敏腕社長は雇われ妻を愛しすぎている~契約結婚なのに心ごと奪われました~
 隼人さんも私を家事代行業者だと正直に話しておきながら、それは知らなかったらしい。意外なつながりに盛り上がり、こうして美奈子さんにはさらに気にかけてもらう結果となっている。

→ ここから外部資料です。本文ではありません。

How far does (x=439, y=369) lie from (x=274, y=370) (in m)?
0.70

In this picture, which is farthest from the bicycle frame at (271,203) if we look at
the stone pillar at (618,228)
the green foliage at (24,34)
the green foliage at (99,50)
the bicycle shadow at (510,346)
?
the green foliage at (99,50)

「私ね、息子ふたりだから、娘にずっと憧れていたの。未希さんみたいな人が隼人のお嫁さんになってくれて本当に嬉しいわ」

 美奈子さん行きつけのブティックに案内され、彼女は自分の服を見た後私の服を見繕いだした。遠慮する私に美奈子さんは笑顔であれこれ勧めてくる。

「い、いえ。隼人さんは私にはもったいない人で、」

「そんなことないわよ」

 さらりと否定した美奈子さんは、どこか切なそうな表情だ。

「夫も私も、隼人をずいぶん厳しく育てたと思っているの。シャッツィの跡取りとしても、社長令息としても恥じないようにって。事細かく口出しして、勉強、スポーツ、習い事、いろいろなことをやらせてきたわ」

 隼人さんから聞いた生い立ち。美奈子さんも同じように感じていたらしい。

「今思うと、なにをあんなに必死になっていたのかしら。隼人もずっと息苦しさを感じていたんでしょうね。おかげで他人にはもちろん私たちにもどこか壁をつくるようになって……。会社も継いで、大きくさせて、立派で自慢の息子だと思うけれど、ずっと誰かがあの子に寄り添ってくれたらいいと思っていたの」

 ご両親が隼人さんに結婚を勧めていたのは、そういう理由もあったらしい。